Irrational use of fixtures: The fixtures used are not rigid enough or the clamping method is improper, which cannot effectively restrain the deformation of the casting during the normalizing process, or the fixtures themselves are affected by heat deformation and affect the casting.
2. Pre-treatment of castings
Casting stress is not eliminated: The internal stress generated during the casting process is not fully eliminated through aging and other treatments, and it is superimposed with thermal stress during normalizing, causing the casting to deform.
Uneven machining allowance: Excessive and uneven machining allowance will cause different heat capacity and heat dissipation conditions in different parts of the casting during normalizing, resulting in deformation.
3. Reasons for crack defects in ductile iron parts after normalizing
1. Casting structure and design
Sudden change in wall thickness: The wall thickness of the casting changes too drastically. During normalizing, the junction between the thick wall and the thin wall produces large thermal stress due to the difference in heat transfer. When the stress exceeds the material strength limit, cracks will be caused.
Stress concentration: There are structures such as sharp corners, notches, and deep holes in the casting. These parts are prone to stress concentration during normalizing and become crack sources.
2. Raw material problems
Excessive sulfur content: Sulfur will reduce the toughness of ductile iron, increase brittleness, and make the casting prone to cracks under the action of normalizing thermal stress.

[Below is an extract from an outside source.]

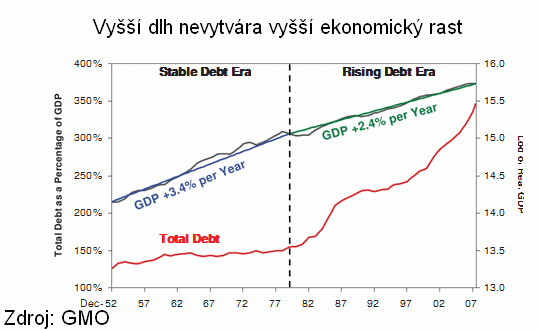 Pomer dklhu k HDP a ekonomický rast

Poor spheroidization: Poor quality or improper dosage of spheroidizer will lead to poor graphite spheroidization effect, forming flake or worm-like graphite, which will reduce the strength and toughness of the casting and easily crack during normalizing.
3. Normalizing process factors
Heating speed is too fast: Too fast heating speed makes the temperature difference between the inside and outside of the casting too large, resulting in huge thermal stress, which may exceed the bearing capacity of the material, thus causing cracks.
Cooling speed is too fast: During normalizing cooling, the cooling speed is too fast, which will cause the shrinkage of the surface and the core of the casting to be inconsistent, forming a large tensile stress, causing cracks, especially for high-carbon and high-silicon ductile iron castings.
Tempering is not timely: If tempering is not timely after normalizing, the large internal stress inside the casting cannot be eliminated. During subsequent placement or use, the release of internal stress may cause cracks.
4. Problems left over from the casting process
Casting defects: There are shrinkage cavities, shrinkage porosity, pores and other defects in the casting during the casting process. These defects will become stress concentration points during normalizing, prompting crack formation and expansion.
Residual stress: The residual stress generated during the casting process is large, and the normalizing process fails to effectively eliminate it. Instead, it is superimposed with the normalizing thermal stress, causing the casting to crack.
5. Operation and equipment problems
Improper loading: The castings are placed unreasonably in the heating furnace, such as colliding, squeezing, or being too close to the heating element, resulting in uneven heating, local overheating and cracks.
Equipment failure: Inaccurate temperature control of the heating furnace, excessive temperature fluctuations or local temperature abnormalities will cause the casting normalizing process to get out of control and cause cracks.